This time the Data for a Cause challenge was to work with Global Fishing Watch and visualize the fishing activity of vessels fishing in other country's waters. I was able to create a Power BI report using their data, however, this blog post is not about best practices of creating analytical reports in Power BI, but it's rather a data story of working with provided datasets and a thinking process of creating an interactive tool to visually explore fishing data.
Link to Global Fishing Power BI report.
Data
Fishing dataset had been presented in a flat file format with the following list of attributes:
fishing_year
,fishing_date: a string in format “YYYY-MM-DD”

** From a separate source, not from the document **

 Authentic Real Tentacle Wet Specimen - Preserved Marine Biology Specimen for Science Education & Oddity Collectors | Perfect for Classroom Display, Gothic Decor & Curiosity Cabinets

,fishing_lat_bin: grid cell
,fishing_lon_bin: grid cell
,fishing_mmsi: unique ID of the fishing vessel, AIS tracking device
,fishing_fishing_hours: hours the vessels were present in this location on this day
,vessel_mmsi: same as fishing_mmsi
,vessel_shipname
,vessel_callsign
,vessel_flag: the country of the fishing vessel, in iso3 value
,vessel_imo
,vessel_registry_geartype: vessel gear types. The column Vessel Registry Geartype refers to the official purpose of the vessel. By analyzing the movement of the boat, GFW identified the vessel as a fishing vessel (even if registered otherwise) - Vessel Inferred Geartype.
,vessel_inferred_geartype
,vessel_inferred_geartype_score
,vessel_inferred_subgeartype
,vessel_inferred_subgeartype_score
,vessel_registry_length
,vessel_inferred_length
,vessel_registry_tonnage
,vessel_inferred_tonnage
,vessel_registry_engine_power
,vessel_inferred_engine_power
,vessel_source
,ISO_Ter1: the country where the fishing occurred (an exclusive economic zone of, in iso3).
,ISO_Ter2
,ISO_Ter3
Data file contained 6,929,885 rows and it covered 5 years of fishing activities from 2012 to 2016.

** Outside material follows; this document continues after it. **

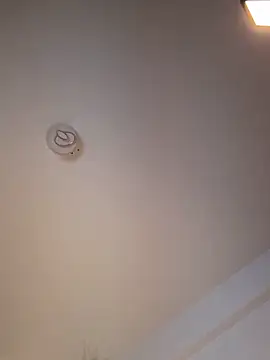 Snapshot of Andrestarr chatting on 03-11-26, 06:47 Andrestarr online show from 03-11-26, 06:47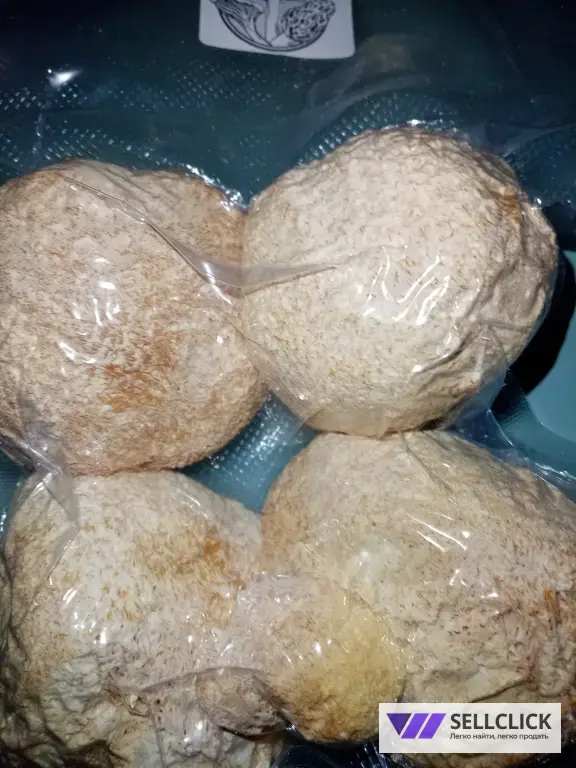 Ежовик гребенчатый плод цельный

Additionally, I pulled the list country codes with their names from this Wikipedia resource - https://en.wikipedia.org/wiki/List_of_ISO_3166_country_codes.
And I also found a Capture fisheries production dataset from the World Data Bank that contained data for the period of time from 1960 to 2016. This datasets was in an Excel file format and where one of the worksheets contained list of countries with some additional attributes, which I thought would be a good candidate for my country profile data table.
Eventually, after pulling data from the main data file, Wikipedia county codes list and fish capture data, my final data model in Power BI looked the following way, where I replicated the county code table both for Vessel & Fishing Area country info.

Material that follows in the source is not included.